Mi Berlín comienza en 2008. Un febrero. Frío centroeuropeo. Hubo en aquella primera visita más proyecto que eficacia, pues la enormidad de la ciudad
nos revolvía constantemente los horarios y los planos. Nuestra curiosidad conquistadora tuvo, con todo, algunos éxitos. La andadura por la Museuminsel, por ejemplo. Es un paseo doble y simultáneo: recorres la Antigüedad y recorres el afán germano por rescatarla. Nunca Egipto, lo reconozco, fue protagonista de mis desvelos, pero Nefertiti bella y tuerta me miró y por ese instante, sólo por ese instante, quise explorar la entraña piramidal del Nilo. Ante el Altar de Pérgamo sufrí lo que esperaba: uno de mis abcesos mitológicos. Recuerdo mucho nuestra tensa búsqueda del Muro superviviente y una ligera decepción al encontrarlo, al filo ya de la oscuridad: tenía poco color aquella Gallery del Lado Este. Hubo otras muchas cosas, muchas otras visiones. Hubo la visita a un campo de concentración en la que no quise participar. Hubo cerveza y hubo currywurst. Hubo una multa injusta y hubo un paraguas perdido. Hubo H. Hubo sobre todo esa sensación, tan balsámica, de crecer en belleza junto a gente querida.

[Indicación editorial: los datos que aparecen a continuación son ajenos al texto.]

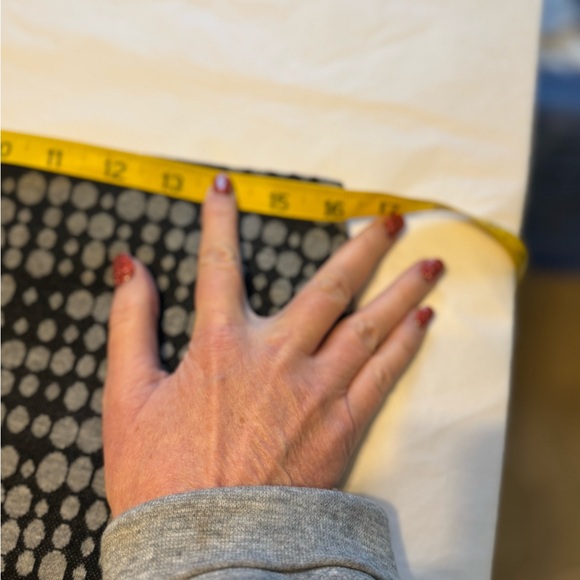 Loft Black & Grey Geometric Polka Dot Pencil Skirt - Size 6 - Picture 5 of 6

Mi Berlín prosigue en julio pasado. Verano inofensivo y hasta camuflado de otoño. Mi hábitat perfecto, aunque moleste el agüilla a los turistas. Fue, ha sido, el cenit de mi enamoriscamiento con una ciudad que recorrí más exhaustivamente que aquel invierno. La soledad ayuda a la profundidad. Y la llovizna me pone tonto. Creí recorrer junto a las losas que esqueletizan el Mauer el camino de mi tumbo hacia la Contemporánea. Visité lugares visitados y disfruté con el contraste de impresiones que imponen los años, aunque sean pocos. Me perdí buscando una cárcel de la Stasi, pero encontré en cada calle una píldora de belleza y significado. Como el Memorial del Holocausto, el monumento que conozco donde la vida ha obrado con más intensidad su milagro: pueblan los niños con su risa el intersticio entre hormigones. O las paredes del Reichstag, que conservan la huella soviética victoriosa. O ese Nikolaiviertel, Medievo reconstruido, que bien mirado no es sino una ramificación de la letal testarudez ideológica sigloventista. Pude leerme la ciudad como leerlas me gusta: en paseos sin más objetivo que la multiplicación. Disfruté una hogareña cotidianidad y paseos vistas al lago en el Tiergarten. Fui feliz con H. Fui feliz en la más grande prueba de que los hombres, aunque sea despacito, aprendemos: Berlín.